The Attempt at a Solution

I think the question assumes the V = 0, so H = P^2/2m. The eigenvalues for the equation P^2/2m|p> = E|p> are then p = +/- (2mE)^(1/2) and the eigenkets are of the form | p = + (2mE)^(1/2)> and | p = (2mE)^(1/2)> (or in energy terms the eigenvalues are of the form |E,->, |E,+> and the eigenkets are the same as the momentum ones. I'm not really sure how you can expand anything with these though...

 

[lalbatros]

No, this statement is valid for any Hamiltonian.
To spare your pencil, assume the system has only two basis states and develop <psi|H|psi>, you will see how obvious this result is.
(take the basis states as H-eigenvectors for simplicity, then imagine th consequence if you don't know these eigenvectors but would like to find the fundamental state, very useful statement indeed!)

 

[chanvincent]

This is how we expand $$\Psi$$ in terms of the eigenbasis of H :

Use the fact that the eigenvalues of H which is $$\{\Psi_0,\Psi_1,\Psi_2 ...\}}$$ forms the basis of a Hilbert space. Notice Hibert space is completed.
That means any vector $$\Psi$$ could be written as a linearly combinition of $$\Psi_0,\Psi_1,\Psi_2 ...$$
i.e. $$\Psi = c_0\Psi_0+c_1\Psi_1+c_2\Psi_2+...$$.

The problem should be trivial from this point ( use the orthogonality of the eigenvector, although the eigenvectors in degenerate state are not orthogonal, they do not affect the result. )

 

[lalbatros]

Of course the end result is

<H> = p1 H1 + p2 H2 + ...

where pi is the probability of being in state i,
and 0<pi<1
and p1 + p2 + ... = 1

 

[ehrenfest]

OK. So we use the time-independent version of the Schrodinger equation H * psi = E * psi.

So $$|\psi> = p0 * |H0> +p1 * |H1 > + ...= a0 * |E0> + a1 * | E1> + ...$$

p (and my choice of a) are arbitrary letters, right?

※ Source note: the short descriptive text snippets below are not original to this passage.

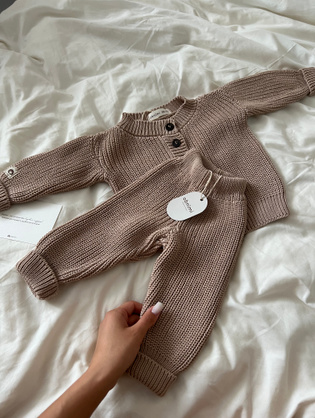 Вязаные штанишки из 100% хлопка Obnimi Beige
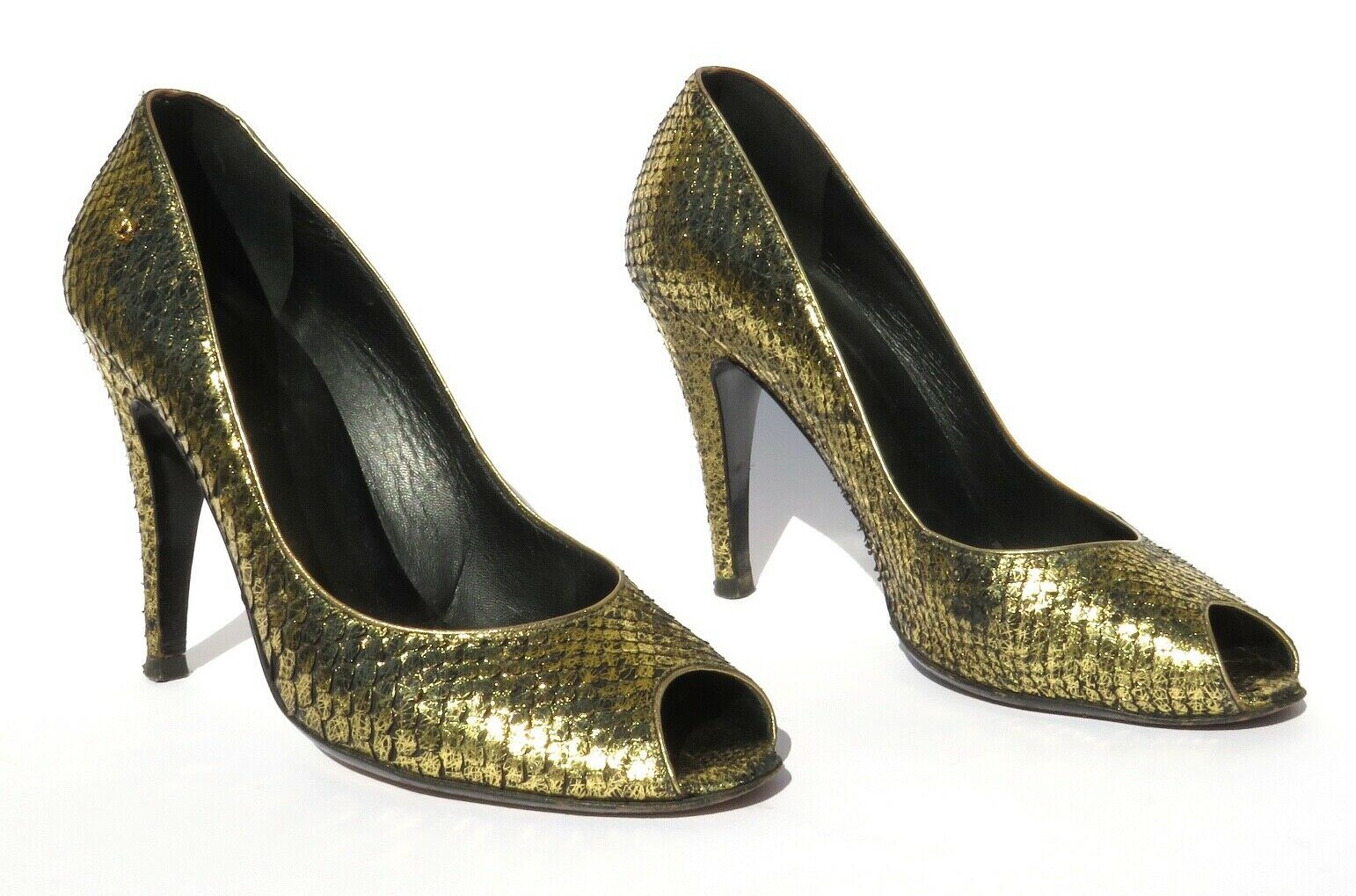 CHANEL Metallic Gold Python Snakeskin Leather CC … - image 3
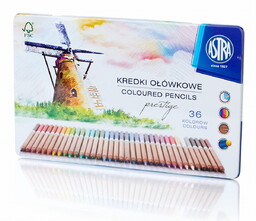 Kredki ołówkowe z drewna cedrowego w metalowym pudełku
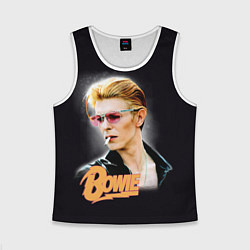 Майка-безрукавка детская David Bowie Smoking, цвет: 3D-белый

You did not use p for momentum did you lalbatros?

Now, $$<\psi| H | /psi> = (E0*a0 + E1*a1 + ...)</psi|/psi> = E0*a0 + E1*a1 + ...$$

So the minimum of that expression would occur when a0 = 1 and ai = 0 for all i > 1.

Does that explanation work?

 

[Dick]

Your notation is confusing. I'll confuse the waters a little more by posting ugly, non-TeX. Which I prefer to garbled TeX. |psi>=sum(ci*|Ei>). ci are the amplitudes, |Ei> is the eigenstate corresponding to eigenvalue Ei. So <psi|H|psi>=sum(ci*conjugate(ci)*<Ei|H|Ei>)=sum(ci*conjugate(ci)*Ei*<Ei|Ei>).
Since we'll take |Ei> normalized <Ei|Ei>=1.
So <psi|H|psi>=sum(pi*Ei) where pi=ci*conjugate(ci). Since we'll also take |psi> normalized, sum(pi)=1.

So if sum(pi)=1, pi>=0, do you believe sum(pi*Ei)>=E0 where E0 is the smallest of the Ei's? Can you prove it?

 

[ehrenfest]

I believe it.

sum(pi*Ei) >= sum(pi*E0) = sum(pi)*E0 = E0

 

[ehrenfest]

How do you go from |psi>=sum(ci*|Ei>) to <psi|H|psi> = sum(ci*conjugate(ci)*<Ei|H|Ei>)?

Shouldn't it be something like <psi|H|psi> = sum(conjugate(ci)*<Ei|) H sum(ci*|Ei>) just by replacing |psi> with sum(ci*|Ei>) and < psi| with sum(conjugate(ci)*<Ei|)?

 

[Dick]

We've taken the |Ei> to be orthonormal, so <Ei|Ej>=delta(i,j) And H(ci*|Ei>)=ci*Ei*|Ei>. And your proof is perfect.

 

[ehrenfest]

I see. Thanks.

 

[Dick]

You really do? You're not kidding, right?